Tue, Jun 26th 2018 10:00 am
Diocese of Buffalo
Siobhan O'Connor
Siobhan O'Connor

"Bishop Malone's office, Siobhan speaking - how may I help you?" Over the last two months, a multitude of callers have been on the receiving end of my phone greeting. I've talked to distressed citizens who express anger over Church cover-ups and silence, to concerned Catholics whose faith has been shaken by the priest abuse scandal, and to the victims of this abuse themselves. These latter individuals often share their stories, which are heartbreakingly horrible to hear. Even being on the periphery of their pain has been deeply disturbing. Yet remarkably, it is their strength more than their suffering that has most resonated with me.

It was my privilege to speak with the mother of two abused children, who said she would be praying for the abusing priest because he needs prayers more than anyone. I have spoken to a victim who began to console me when I broke down while speaking to him. Another time a victim shared his story of returning to God and how he found peace and joy through regaining his faith. Often I am overcome by the forgiveness, compassion and resiliency of these individuals.

Yet I've also spoken with people who literally mock victims and accuse them of being "out for money" or "making up stories." Believe me, you can't make this kind of horror up! The victims' descriptions are too detailed, their pain is too raw and their memories are too powerful for them to be frauds. To suggest so is a slap in the face to these brave individuals, who have had the courage to speak of the traumatic abuse they suffered when they were young and innocent. Also, not one victim I've talked to is "in it for the money." In fact, one repeatedly told me that "money can't buy me peace, health, healing or happiness."

And then there is the story of a man I'll call Joseph. A victim of sexual abuse by a priest, he came to the Catholic Center to make a donation to the Independent Reconciliation and Compensation Program, which is part of the diocese's ongoing efforts to help those who were abused as a child by a member of our diocesan clergy. Despite enduring great trauma at a young age, Joseph has forgiven his abuser and now seeks to help other victims since he knows their pain so well. His donation, he told me, was inspired by the Amish families who baked pies for the parents of the man who murdered their daughters in the 2006 School House Shooting. Joseph explained that his donation to the IRCP was "his pie."

If you have been inclined to criticize, doubt or disparage the nameless victims whose stories you know nothing about, I beg you to reconsider. Consider Joseph and his pie. That is the kind of man you are mocking. These individuals deserve our compassionate support, not our cynical criticism.

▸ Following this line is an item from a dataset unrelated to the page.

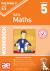 KS2 Maths Year 5/6 Workbook...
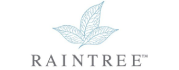 Raintree Floors Logo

To the victims: it has been an immense privilege to speak with many of you. Despite the nefarious circumstances that led to our conversations, you have been incredible reminders of the resiliency of the human spirit. I want you to know that I believe you. I support you. I respect you. And, with all my heart, I thank you for restoring my faith in humanity when it was at its lowest ebb. You are enduring witnesses to the power of hope and healing. I will pray for you every day as long as I live.